Upon statehood in 1959, the 5(f) provision in the Statehood Act named five purposes for the ceded lands, including the betterment of the conditions of Native Hawaiians. The proportion of revenue from these lands to be conveyed to Hawaiians was disputed in court for decades. Originally set at twenty percent, then struck down, negotiations are ongoing over a settlement for neglected payments to the Office of Hawaiian Affairs. Abuses of the ceded and Hawaiian Home Lands abounded. Included in this acreage is Mākua valley, used since World War II as a live fire military training area. The Hawai‘i state government has withdrawn 13,000 acres from the Hawaiian Homes trust through Governor’s Executive Orders (GEOs), primarily for game reserves, forest conservation, military, airports, and public services.
Title to the ceded lands, however, is a more contentious issue. Supreme court cases in 1864 and 1910 made the private Crown lands look more like public lands, reinforcing the government’s claim to them.

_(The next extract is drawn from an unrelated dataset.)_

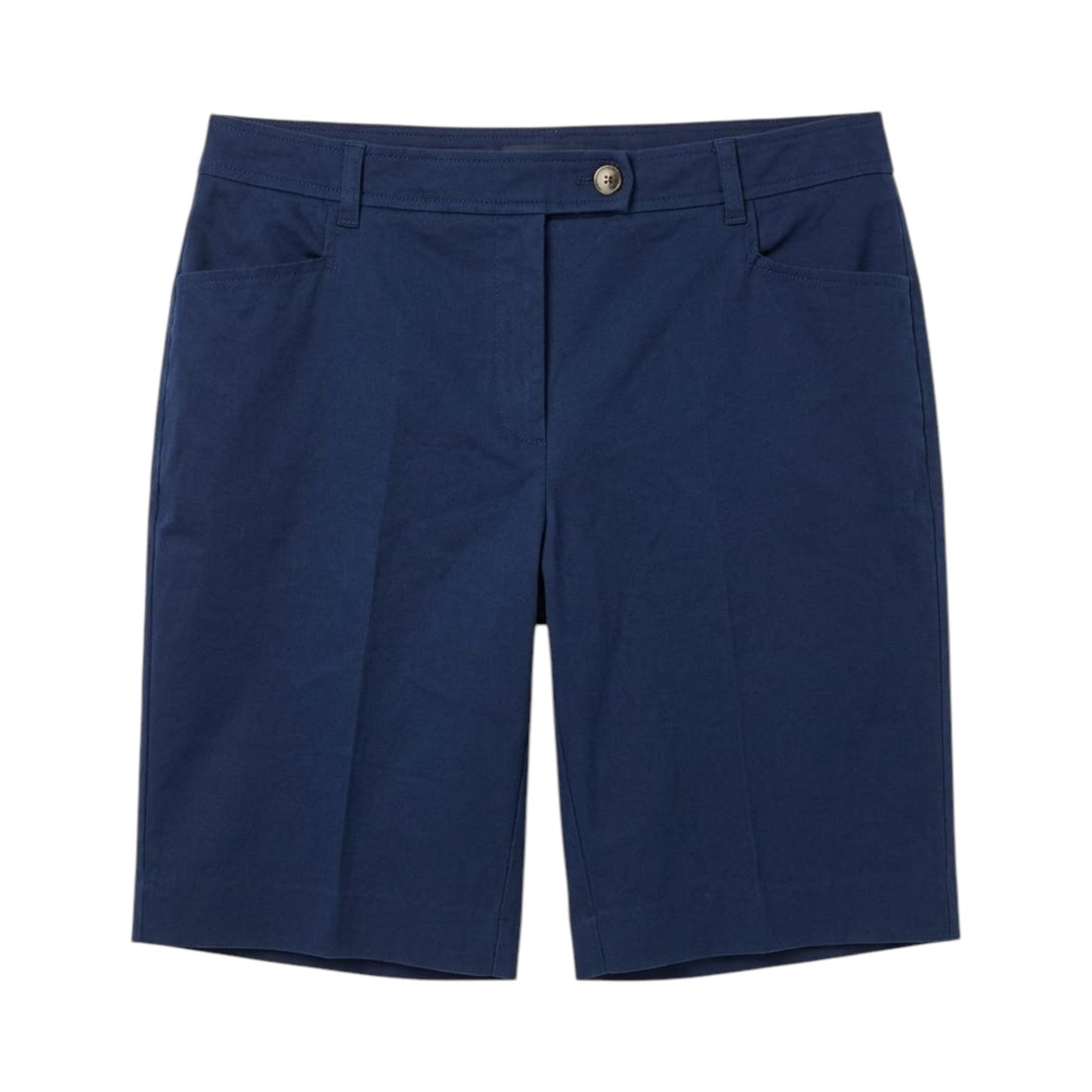 Women's Plain Solid Short,Navy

As UH law professor Jon Van Dyke points out, however, in his book Who Owns the Crown Lands of Hawaiʻi,these lands have several potential breaks in the chain of title, which create a strong Hawaiian claim to these lands. Van Dyke recommends that they become the basis of a Hawaiian governing entity, presumably created by the Akaka bill.

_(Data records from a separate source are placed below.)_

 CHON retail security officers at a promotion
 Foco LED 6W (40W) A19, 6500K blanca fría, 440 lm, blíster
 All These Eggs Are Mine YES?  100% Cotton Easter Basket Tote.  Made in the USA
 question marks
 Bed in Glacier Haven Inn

Then there is the issue of title to the Hawaiian Kingdom government lands, acquired from a government that President Grover Cleveland described as owing its existence to the armed intervention of the United States. In real estate law, it is never what you claim to own, but what the previous owner can prove they owned, that is the basis for determining title. This seriously weakens the State’s claim, as the Federal government twice – in 1893 and 1993 with the apology resolution – denied the legitimacy of the Provisional Government, and by extension, the Republic of Hawaiʻi, the source of its title.
The State of Hawaiʻi may in fact have eminent domain, the right to confiscate lands, but they arenʻt claiming to have gained title through eminent domain. Unlike Britain and other countries, in US law, the government does not have any special rights as a land owner other than eminent domain, which, incidentally is not in the US constitution, but only asserted by the supreme court. Thus, the State’s assertion of title to the ceded lands is necessarily through their transfer from the Republic of Hawaiʻi. A final note: in Hawaiian Kingdom land law (which essentially continued after the overthrow, otherwise Kamehameha Schools and the Big Five wouldn’t own their land), the government did have special rights – called dominium – and all makaʻāinana were part of the government where land rights were concerned. These “native tenant rights,” at least theoretically, still exist today, and allow native Hawaiians to divide out the interest (or rights) and claim parcels out of government or private lands. They are not, as is commonly believed, gathering rights, but the right to a fee-simple parcel of land. This means no one owns their land absolutely as all original land titles contain the provision “ua koe ke kuleana o na kanaka” – reserving the rights of native tenants. So Lingle is right that this case is about title to ceded lands, she is wrong about who holds that title. The Hawaiian claim to the ceded lands is as much legal as it is moral.